El área de investigación y desarrollo lamentablemente ya sufre las consecuencias de la visión industrial. Universidades de renombre, nacionales e internacionales, seleccionan, financian y priorizan a aquellos investigadores que produzcan más publicaciones, tutoren o evalúen más estudios, dicten más clases y asistan a más congresos.

Asumiendo que los estudios, ponencias y demás actividades del investigador son pertinentes, exhaustivas y de altísima calidad no habría ningún problema, pero lo cierto es que realizar trabajos de ese calibre, que sean capaces de cambiar a la sociedad y generar progreso constatable, requiere tiempo, mucha dedicación, muchísimos recursos.

Lamentablemente, aquel investigador que decida dedicarse al estudio de un problema complejo verá truncado su camino si no divide su trabajo en innumerables partes para publicarlas y así cumplir con el requisito de producir industrialmente el conocimiento.
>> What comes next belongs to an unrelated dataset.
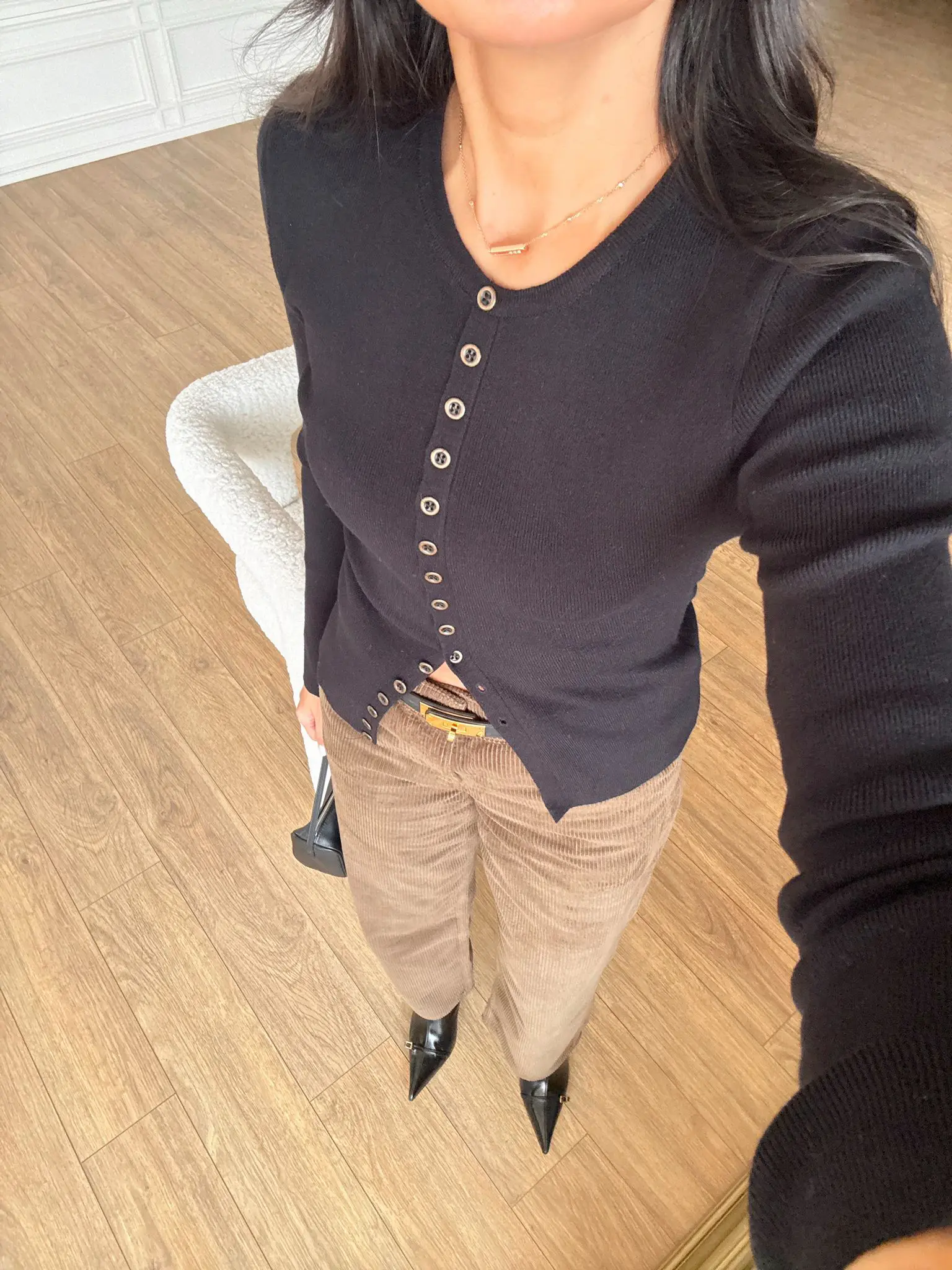 Omiye Mau Metal Düğmeli Triko - Siyah, 34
Lo que pudo haber sido una sola investigación de largo alcance e impacto social, se convierte en fragmentos que por su dependencia del resto del saber ubicado en las otras partes del estudio originalmente concebido, termina siendo solo un montón de papel almacenado en bibliotecas que casi nadie consulta o en revistas que pocos leen.
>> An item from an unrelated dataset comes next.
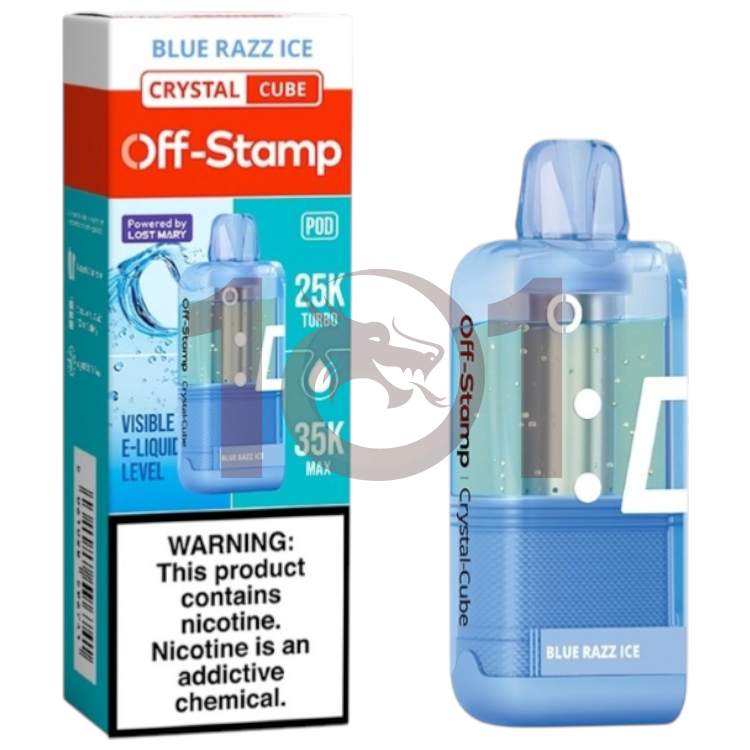 OFF-STAMP X CUBE POD CRYSTAL 35000 5% - BLUE RAZZ ICE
La fragmentación del conocimiento también colabora con la mala imagen de la ciencia. La gente quiere y necesita respuestas a sus necesidades, no fracciones de respuestas. La gente necesita leer en las noticias que se halló la cura para enfermedades mortales, no que avanzamos interminablemente hacia ese hallazgo. La confianza social es un activo que se pierde, y eso aplica también para la comunidad científica en la medida en que defraude las necesidades de quienes requieren soluciones constatables.
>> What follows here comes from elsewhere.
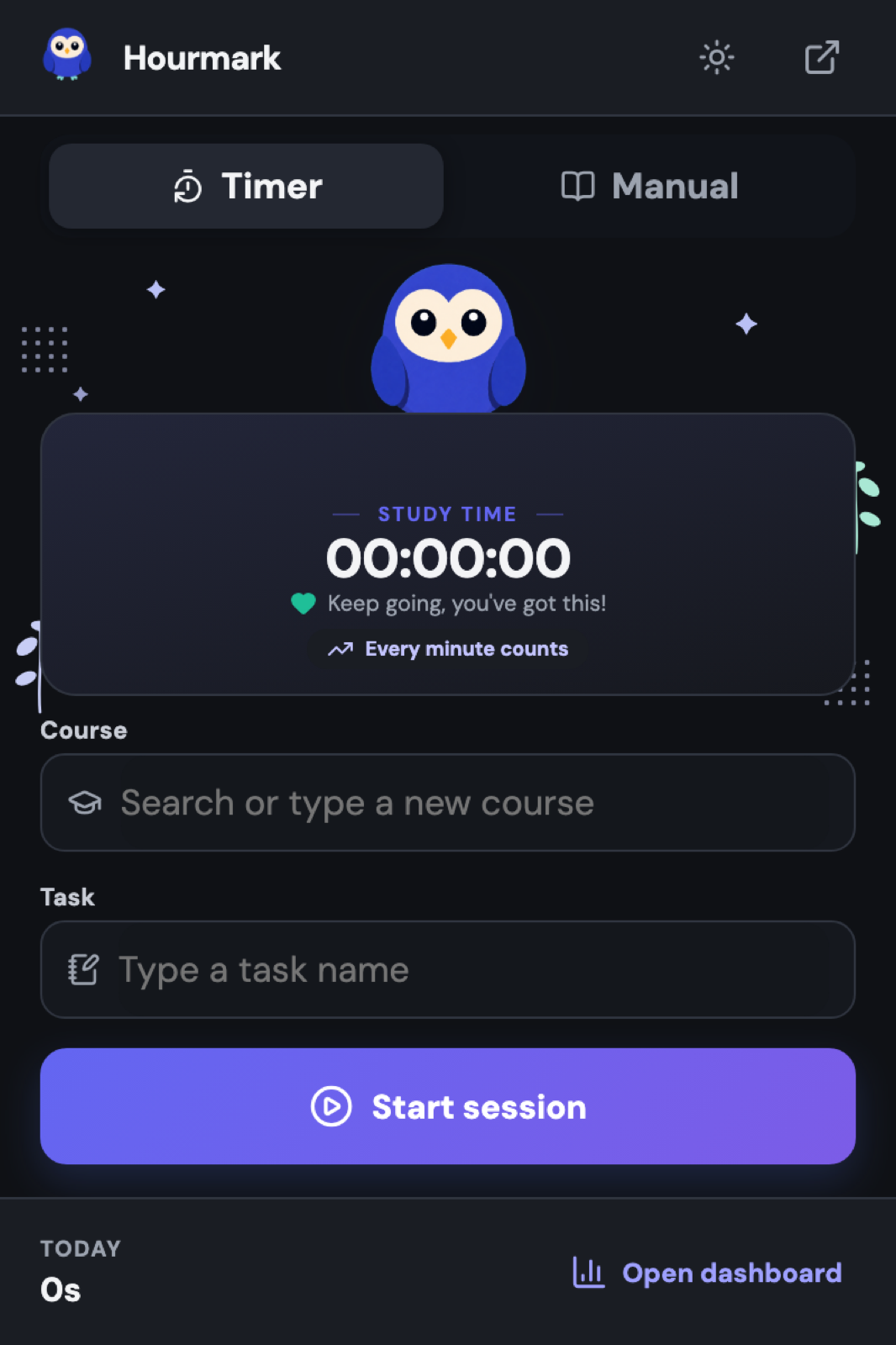 Hourmark popup, idle state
Incluso desde la perspectiva industrial, cuando la gente deje de creer que con la búsqueda del conocimiento se encuentra la solución a los problemas sociales, se habrá acabado el “negocio” de las universidades. La amenaza está latente: pocos quieren estudiar carreras científicas, pocos quieren —o logran— ser investigadores, pocos quieren ser docentes y la voz crítica y pertinente de la Academia suena cada vez más enmudecida ante los oídos de la sociedad, que en cambio está atenta a sus innumerables y longevas amenazas y problemas.